I don't know that this will work as a general rule, but it might. This is part of the destabilization I was concerned about before.
Comment 9 James Kozianski 2011-04-12 23:53:55 PDT
> No, this is very much by design. See the writeup I sent to chromium-dev a couple weeks ago for the rationale on this:
> 
> http://groups.google.com/a/chromium.org/group/chromium-dev/browse_thread/thread/52a01dd2c7380457/a6f57f5b912b9cc8?lnk=raot&pli=1

Ah, I see. Thanks for the explanation!

> > Or in other words, before overwriting results in directory X, copy those results to all the directories that currently fall back onto X. It shouldn't be too hard to add that logic to the new tool.
> >
> 
> I don't know that this will work as a general rule, but it might. This is part of the destabilization I was concerned about before.

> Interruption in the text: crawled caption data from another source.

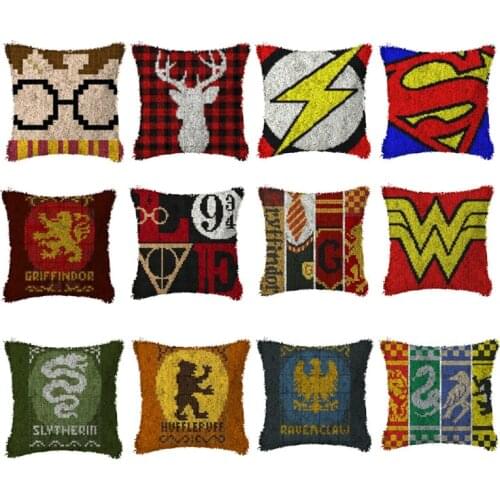 Animal Number Carpet Embroidery Pillow Knoop Pakket Needlework Set Latch Hook Cushion Button Package Decor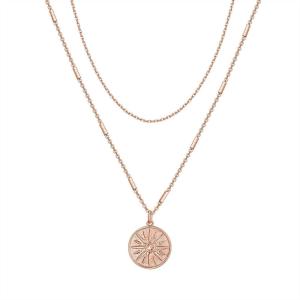 PAVOI 14K Gold Plated Layering Necklaces | Stylish Minimalist Design Pendant Necklaces | Bar, Circle, Lotus, Disc, Dog Tag, Horizontal Bar Pendants for Women(Rose Gold)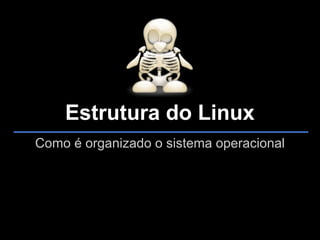 Estrutura do Linux
Como é organizado o sistema operacional
 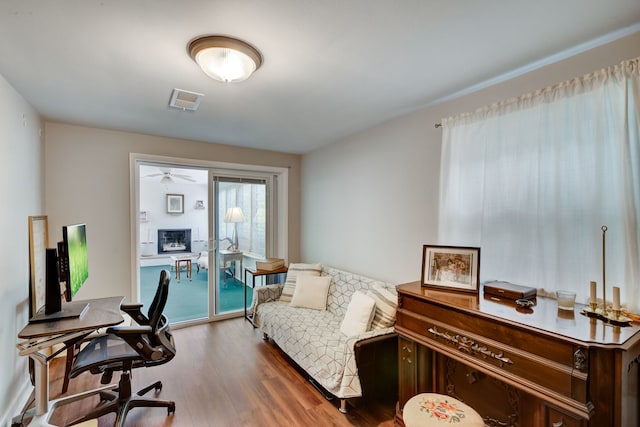 627 Beaver Rd, Glenview, IL 60025 - office area with ceiling fan, wood finished floors, and visible vents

So the problem in abstract terms would be that when rebaselining ports that other ports fall back onto, you can get into an incorrect state. My thinking is that you can't get into an incorrect state if you rebaseline entire trees of dependent ports at once (which is essentially what a request to rebaseline MAC should do).

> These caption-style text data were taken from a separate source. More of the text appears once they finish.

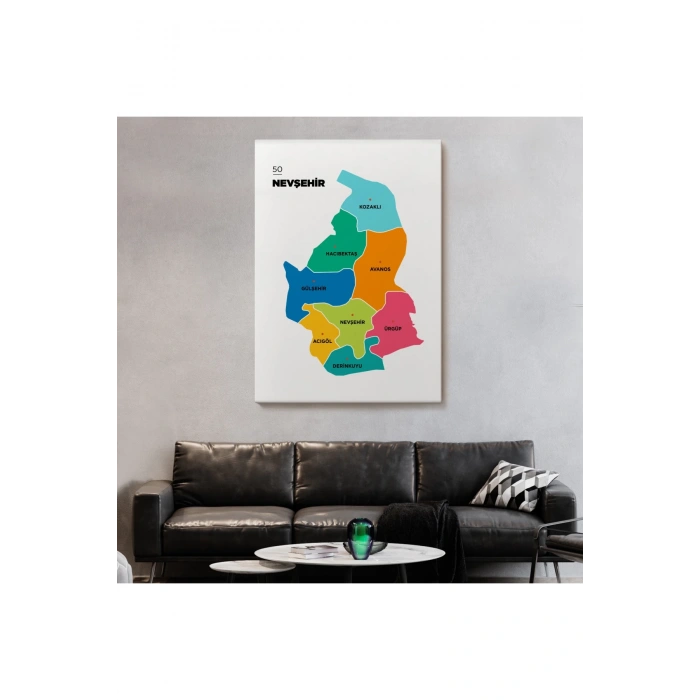 Nevşehir İli ve İlçeler Haritası  Dekoratif Kanvas Tablo 1427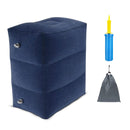 GOMINIMO Inflatable Travel Foot Rest Pillow with Adjustable Three Layers Height (Navy Blue)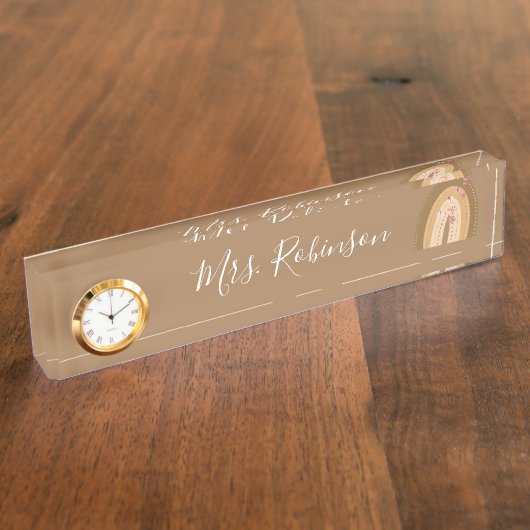 Rainbow Butterflies Script Teachers Daycare Desk N Naambordje (Zijkant)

(As an aside, I think that potential damage / confusion caused by a surprising rebaseline could be lessened significantly if the tool emitted justifications for its actions.)
Comment 10 Dirk Pranke 2011-04-13 12:44:27 PDT
(In reply to comment #9)
> > No, this is very much by design. See the writeup I sent to chromium-dev a couple weeks ago for the rationale on this:
> > 
> > http://groups.google.com/a/chromium.org/group/chromium-dev/browse_thread/thread/52a01dd2c7380457/a6f57f5b912b9cc8?lnk=raot&pli=1
> 
> Ah, I see. Thanks for the explanation!
> 
> > > Or in other words, before overwriting results in directory X, copy those results to all the directories that currently fall back onto X. It shouldn't be too hard to add that logic to the new tool.
> > >
> > 
> > I don't know that this will work as a general rule, but it might. This is part of the destabilization I was concerned about before.
> 
> So the problem in abstract terms would be that when rebaselining ports that other ports fall back onto, you can get into an incorrect state. My thinking is that you can't get into an incorrect state if you rebaseline entire trees of dependent ports at once (which is essentially what a request to rebaseline MAC should do).
> 

Yes, I agree that "all at once" should be the safe and right thing to do. I just think we need to stare carefully at whatever algorithm we implement to do everything at once to make sure we're not missing some use case.

And yes, r-c-w-t definitely could use some better logging.
Comment 11 Dirk Pranke 2012-03-12 18:26:27 PDT
ojan, do you think we can close this now, or is this still an issue?